The heat is supplied to the atmosphere by means of sensible and latent heat fluxes over the high TCHP regions, which are conducive for the intensification of a cyclone. As a consequence of higher evaporation and latent heat flux over the anticyclonic eddy zone, the moisture content in the atmospheric column increases. This leads to the enhancement of moist static energy (MSE) in the atmosphere, promoting convection and, hence, cyclone intensification via conversion of potential energy to kinetic energy. Figure 9 shows the coupled-model-simulated MSE in the atmospheric column over the selected locations (marked with dots A to E in Figure 7) along the track of TC Fani. An enhancement in MSE can be seen in the figure when the cyclone enters into the warm-core (anticyclonic) eddy zone. At point ‘A’, the MSE was of the order of 350 kJ kg⁻¹ that extended vertically up to ~550 hPa in the atmosphere. There was a rapid increase in the MSE as the cyclone moved further from point ‘B’ to ‘C’. At the ‘C’ location, the cyclone entered into the larger anticyclonic eddy with higher TCHP (see Figure 7). As a result, the MSE increased to 356 kJ kg⁻¹ on 1 May and further up to 360 kJ kg⁻¹ on 2 May. The vertical extent of the MSE also reached up to 300 hPa level which provided the ancillary strength to the cyclone. The TC Fani remained intensified for a long duration (about two days) during 1–3 May 2019. The passage of the Fani cyclone over the large warm-core eddies facilitated its sustained intensification.

The vertical wind shear in the atmosphere is an important detrimental factor for the cyclone’s intensification [7,45]. The coupled model-simulated vertical wind shear between the 850 hPa and 300 hPa levels is plotted in Figure 10 for each day at 00 GMT during the TC Fani. The pre-existing wind shear gradient was as low as 0.01 Nm⁻² on 29 April. The low wind shear conditions were found in advance over the region of TC movement. This low wind shear was maintained until 4 May, which supported the deep convection and sustained intensification of TC Fani. Figure 11 shows the model-simulated daily (at 00 GMT) latent heat flux over the BoB. The high values of latent heat flux (>1000 W m⁻²) can be noticed in the vicinity of the cyclonic vortex. High latent heat flux resulted from the passage of TC Fani over the large warm-core eddies with high TCHP (see Figure 7 and Figure 8). A high TCHP ensures heat supply to the sea surface, where active heat flux exchange occurs between the atmosphere and the ocean. The warm-core eddies helped to maintain the TCHP under the strong wind-driven heat loss from the sea surface.

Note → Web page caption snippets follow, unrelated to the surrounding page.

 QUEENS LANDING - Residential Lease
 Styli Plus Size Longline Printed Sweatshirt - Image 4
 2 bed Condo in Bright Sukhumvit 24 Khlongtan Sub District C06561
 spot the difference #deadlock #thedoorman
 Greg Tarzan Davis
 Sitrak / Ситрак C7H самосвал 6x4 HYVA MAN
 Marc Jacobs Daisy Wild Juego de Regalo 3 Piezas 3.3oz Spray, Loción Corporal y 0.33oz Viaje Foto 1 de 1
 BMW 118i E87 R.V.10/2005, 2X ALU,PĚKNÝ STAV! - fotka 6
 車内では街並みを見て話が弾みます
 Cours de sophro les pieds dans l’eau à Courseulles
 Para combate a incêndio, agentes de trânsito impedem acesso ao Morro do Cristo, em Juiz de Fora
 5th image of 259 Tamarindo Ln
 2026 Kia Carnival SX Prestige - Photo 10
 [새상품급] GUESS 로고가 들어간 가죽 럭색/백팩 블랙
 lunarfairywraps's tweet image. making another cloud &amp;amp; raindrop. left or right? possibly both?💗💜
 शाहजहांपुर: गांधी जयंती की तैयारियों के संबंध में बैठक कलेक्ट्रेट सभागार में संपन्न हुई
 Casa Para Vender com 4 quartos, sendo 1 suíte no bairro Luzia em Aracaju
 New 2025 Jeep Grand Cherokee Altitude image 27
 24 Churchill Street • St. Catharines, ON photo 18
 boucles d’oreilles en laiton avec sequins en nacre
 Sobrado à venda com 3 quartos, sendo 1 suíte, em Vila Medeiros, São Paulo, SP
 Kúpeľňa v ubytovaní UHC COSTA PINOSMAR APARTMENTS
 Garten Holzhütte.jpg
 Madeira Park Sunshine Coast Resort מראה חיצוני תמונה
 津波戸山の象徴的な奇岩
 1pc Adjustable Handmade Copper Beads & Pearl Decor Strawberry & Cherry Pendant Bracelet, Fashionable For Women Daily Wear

To understand the maintenance of high TCHP for a long duration, the time series of temperature profiles and stratification at points A, B, C, D, E (marked in Figure 7) are plotted in Figure 12. The near-surface temperature increased by 2–3 °C as the TC moved from location A to B. The depth of warmer water also increased gradually under mixing in the eddy zone. A remarkable transition phase can be noticed in the temperature profiles from locations C to E during May 1–3. A signature of cyclone-induced upwelling and subsequent mixing can be seen on 2 May at location D and 3 May at location E. However, the deep (>120 m) extent of warm waters (>26 °C) associated with warm-core eddies before the arrival of TC Fani over locations D and E (i.e., before 1 May) ensured that SST remained warm enough (>28 °C) to sustain the intensity of TC Fani in the ESCS category. It explains the maintenance of high TCHP and latent heat flux during this period of sustained intensification of TC Fani as noted in Figure 8 and Figure 11. A recent study highlighted the roles of Madden Julian Oscillation, warm surface and subsurface temperature in TC Fani intensification [46]. Another study [47] reported an interaction between the TCs and western boundary current in the BoB during Fani and Amphan cyclones. The warm SST and high evaporation increase latent heat flux leading to intensification of TCs [18,48]. Numerical sensitivity experiments indicated warmer SSTs supporting more energetic TCs and enhancing the chances of depressions growing into sizable TCs [49].

The stratification represented by the buoyancy frequency (N) is calculated using Equation (2).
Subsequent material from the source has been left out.